Дневник писателя



«Мир чиновников оказался, вследствие внешних причин, не вполне доступен для театральной сатиры; зато с тем большим усердием и пристрастием устремилась наша комедия в мир замоскворецкого и апраксинского купечества, в мир странниц и свах, пьяных приказных, бурмистров, причетников, питерщиков.
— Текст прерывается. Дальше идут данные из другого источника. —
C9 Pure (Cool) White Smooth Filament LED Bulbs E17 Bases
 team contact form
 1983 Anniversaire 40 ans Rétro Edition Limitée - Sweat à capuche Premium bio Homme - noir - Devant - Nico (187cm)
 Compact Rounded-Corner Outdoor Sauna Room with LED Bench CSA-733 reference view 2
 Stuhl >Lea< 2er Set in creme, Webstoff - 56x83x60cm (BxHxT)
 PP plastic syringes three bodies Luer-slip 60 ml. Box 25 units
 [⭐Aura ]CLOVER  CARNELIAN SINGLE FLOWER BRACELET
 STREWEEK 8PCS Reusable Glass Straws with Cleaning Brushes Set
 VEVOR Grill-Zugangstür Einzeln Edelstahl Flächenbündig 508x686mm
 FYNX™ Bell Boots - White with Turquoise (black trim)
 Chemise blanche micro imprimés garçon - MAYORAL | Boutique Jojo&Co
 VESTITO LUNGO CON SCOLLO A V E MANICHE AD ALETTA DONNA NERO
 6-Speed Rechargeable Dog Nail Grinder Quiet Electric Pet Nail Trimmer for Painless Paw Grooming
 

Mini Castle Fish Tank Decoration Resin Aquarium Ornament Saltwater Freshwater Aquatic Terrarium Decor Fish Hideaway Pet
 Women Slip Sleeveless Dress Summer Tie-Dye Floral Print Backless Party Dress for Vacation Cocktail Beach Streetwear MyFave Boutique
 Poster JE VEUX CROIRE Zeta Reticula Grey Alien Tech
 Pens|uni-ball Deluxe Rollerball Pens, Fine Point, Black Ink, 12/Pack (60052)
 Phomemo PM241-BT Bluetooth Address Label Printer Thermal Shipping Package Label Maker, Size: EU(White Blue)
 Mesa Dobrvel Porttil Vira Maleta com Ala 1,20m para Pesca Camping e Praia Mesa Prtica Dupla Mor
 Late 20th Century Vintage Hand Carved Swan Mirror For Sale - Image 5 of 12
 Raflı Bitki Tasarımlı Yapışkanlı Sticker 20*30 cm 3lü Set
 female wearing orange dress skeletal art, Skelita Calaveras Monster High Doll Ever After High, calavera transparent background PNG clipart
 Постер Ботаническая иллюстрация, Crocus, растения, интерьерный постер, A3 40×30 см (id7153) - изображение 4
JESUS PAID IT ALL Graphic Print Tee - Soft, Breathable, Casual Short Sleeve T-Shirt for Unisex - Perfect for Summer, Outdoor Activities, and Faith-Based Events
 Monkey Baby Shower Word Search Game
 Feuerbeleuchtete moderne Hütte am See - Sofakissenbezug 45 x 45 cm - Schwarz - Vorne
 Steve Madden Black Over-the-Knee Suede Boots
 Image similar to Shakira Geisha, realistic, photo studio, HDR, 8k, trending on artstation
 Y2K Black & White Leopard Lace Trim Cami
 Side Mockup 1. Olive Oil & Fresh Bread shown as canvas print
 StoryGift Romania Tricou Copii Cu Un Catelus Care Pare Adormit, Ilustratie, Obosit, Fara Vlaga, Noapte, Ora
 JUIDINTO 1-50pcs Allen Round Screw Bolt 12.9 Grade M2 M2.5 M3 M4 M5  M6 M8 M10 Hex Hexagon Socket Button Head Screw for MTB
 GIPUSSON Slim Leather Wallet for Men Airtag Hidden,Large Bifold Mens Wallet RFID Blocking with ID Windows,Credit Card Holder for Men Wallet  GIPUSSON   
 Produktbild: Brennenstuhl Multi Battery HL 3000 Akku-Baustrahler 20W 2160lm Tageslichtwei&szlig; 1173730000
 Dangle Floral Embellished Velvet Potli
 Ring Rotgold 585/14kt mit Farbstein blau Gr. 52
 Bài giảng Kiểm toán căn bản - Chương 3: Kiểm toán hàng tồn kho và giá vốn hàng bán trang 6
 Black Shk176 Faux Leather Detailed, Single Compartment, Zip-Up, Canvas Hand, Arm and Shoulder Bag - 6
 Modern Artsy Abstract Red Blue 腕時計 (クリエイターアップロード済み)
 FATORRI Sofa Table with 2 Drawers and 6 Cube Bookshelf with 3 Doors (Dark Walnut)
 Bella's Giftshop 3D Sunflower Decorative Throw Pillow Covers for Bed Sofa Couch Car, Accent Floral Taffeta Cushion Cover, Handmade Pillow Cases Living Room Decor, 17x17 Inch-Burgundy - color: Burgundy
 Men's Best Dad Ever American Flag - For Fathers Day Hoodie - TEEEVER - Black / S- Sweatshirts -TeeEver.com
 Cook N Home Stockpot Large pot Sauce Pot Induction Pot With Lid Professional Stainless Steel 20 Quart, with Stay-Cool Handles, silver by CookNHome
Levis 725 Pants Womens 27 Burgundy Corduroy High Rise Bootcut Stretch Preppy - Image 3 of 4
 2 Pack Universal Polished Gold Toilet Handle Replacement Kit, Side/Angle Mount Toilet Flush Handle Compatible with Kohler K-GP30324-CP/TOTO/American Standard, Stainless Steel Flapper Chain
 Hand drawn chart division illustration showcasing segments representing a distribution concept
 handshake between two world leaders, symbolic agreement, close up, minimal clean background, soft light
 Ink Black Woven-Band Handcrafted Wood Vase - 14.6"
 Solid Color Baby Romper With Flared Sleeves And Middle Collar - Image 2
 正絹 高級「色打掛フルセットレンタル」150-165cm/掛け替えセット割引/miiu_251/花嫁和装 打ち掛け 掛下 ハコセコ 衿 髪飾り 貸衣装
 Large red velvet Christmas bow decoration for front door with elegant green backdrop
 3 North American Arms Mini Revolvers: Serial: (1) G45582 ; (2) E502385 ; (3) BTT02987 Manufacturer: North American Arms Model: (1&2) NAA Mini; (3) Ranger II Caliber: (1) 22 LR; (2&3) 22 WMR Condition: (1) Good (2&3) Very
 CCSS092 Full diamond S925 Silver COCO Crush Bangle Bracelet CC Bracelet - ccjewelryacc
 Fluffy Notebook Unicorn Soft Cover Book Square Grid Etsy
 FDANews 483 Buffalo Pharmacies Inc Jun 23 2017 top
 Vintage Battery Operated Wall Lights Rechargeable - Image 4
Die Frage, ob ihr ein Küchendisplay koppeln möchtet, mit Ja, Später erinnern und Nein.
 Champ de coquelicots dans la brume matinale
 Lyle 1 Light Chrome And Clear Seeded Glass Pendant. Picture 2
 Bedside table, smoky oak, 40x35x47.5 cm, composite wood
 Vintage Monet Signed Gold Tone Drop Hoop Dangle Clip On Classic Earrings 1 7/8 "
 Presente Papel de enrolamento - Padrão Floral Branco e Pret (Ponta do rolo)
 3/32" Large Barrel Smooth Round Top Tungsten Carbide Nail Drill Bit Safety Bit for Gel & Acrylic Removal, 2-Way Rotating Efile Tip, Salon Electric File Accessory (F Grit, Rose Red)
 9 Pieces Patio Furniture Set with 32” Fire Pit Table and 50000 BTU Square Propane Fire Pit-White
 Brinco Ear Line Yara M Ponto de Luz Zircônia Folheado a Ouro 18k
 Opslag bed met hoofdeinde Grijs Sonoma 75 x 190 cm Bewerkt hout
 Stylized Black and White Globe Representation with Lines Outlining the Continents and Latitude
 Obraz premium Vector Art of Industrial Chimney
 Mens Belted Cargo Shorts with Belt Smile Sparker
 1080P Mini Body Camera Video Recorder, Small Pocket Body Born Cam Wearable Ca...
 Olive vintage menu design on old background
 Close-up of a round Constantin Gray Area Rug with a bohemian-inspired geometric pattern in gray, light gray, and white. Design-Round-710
Задача комедии сузилась непостижимым образом до копирования пьяного и безграмотного жаргона, воспроизведения диких ухваток, грубых и оскорбительных для человеческого чувства типов и характеров. На сцене безраздельно воцарился жанр, не тот теплый, веселый, буржуазный (?) жанр, который порою так пленителен на французской сцене (это водевильчик‑то: один залез под стол, а другой вытащил его за ногу?), а жанр грубый, нечистоплотный и отталкивающий. Некоторые писатели, как, например, г‑н Островский, внесли в эту литературу много таланта, сердца и юмора, но в общем театр наш пришел к крайнему понижению внутреннего уровня, и весьма скоро оказалось, что ему нечего сказать образованной части общества, что он и дела не имеет с этой частью общества».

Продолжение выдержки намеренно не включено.